But never go halfway.

Monday, May 9, 2011

Big-O Isn't Everything, Part 2

If you need to build a lookup table for some large number of values, what data structure should you choose?

Obviously, you want a hashed data structure. In Java, a HashMap or HashSet. It will provide O(1) performance, versus O(logN) for a binary search and O(N) for a linear search. And the “Big-O” performance of an algorithm becomes increasingly more important the larger the table becomes. Or does it?

To find out, I wrote a micro-benchmark that compared different approaches for varying table sizes. One version used a HashSet, another used an Integer[] and Arrays.binarySearch(), and a third used int[] and a home-grown binary search. For each of them, I probed the lookup table 10,000,000 times with random values, and recorded the execution time in seconds.

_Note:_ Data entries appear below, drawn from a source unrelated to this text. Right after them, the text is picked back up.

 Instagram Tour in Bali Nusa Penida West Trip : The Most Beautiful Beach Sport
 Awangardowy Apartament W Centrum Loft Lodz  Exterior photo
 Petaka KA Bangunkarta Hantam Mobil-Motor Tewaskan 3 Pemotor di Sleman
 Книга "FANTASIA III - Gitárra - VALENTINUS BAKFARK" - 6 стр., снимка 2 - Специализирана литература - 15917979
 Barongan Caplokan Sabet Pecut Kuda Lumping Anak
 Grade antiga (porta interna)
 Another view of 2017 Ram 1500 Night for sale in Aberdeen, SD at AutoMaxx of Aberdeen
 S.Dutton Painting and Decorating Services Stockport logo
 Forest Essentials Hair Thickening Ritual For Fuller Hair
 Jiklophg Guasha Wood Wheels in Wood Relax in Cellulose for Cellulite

Table Size HashSet Binary Search, Object Binary Search, Primitive
1,000 0.37 1.00 0.88
10,000 0.43 1.99 1.19
100,000 0.54 3.18 1.60
1,000,000 1.00 5.75 2.33
10,000,000 1.19 12.70 4.99
100,000,000 1.58 20.68 8.50
1,000,000,000 n/a n/a 13.28

No surprises: the execution time for the hashed version remained relatively constant, while the binary search time increased logarithmically with the size of the table.* But this table leaves out two important pieces of information.

The first is that real-world applications rarely spend all their time doing lookups. Instead, they do a lookup and then do something else with the results. And while the HashSet outperformed the Integer[] search by a factor of 13, the absolute performance of the latter is two microseconds per iteration. For a real-world application, this is almost certainly sufficient.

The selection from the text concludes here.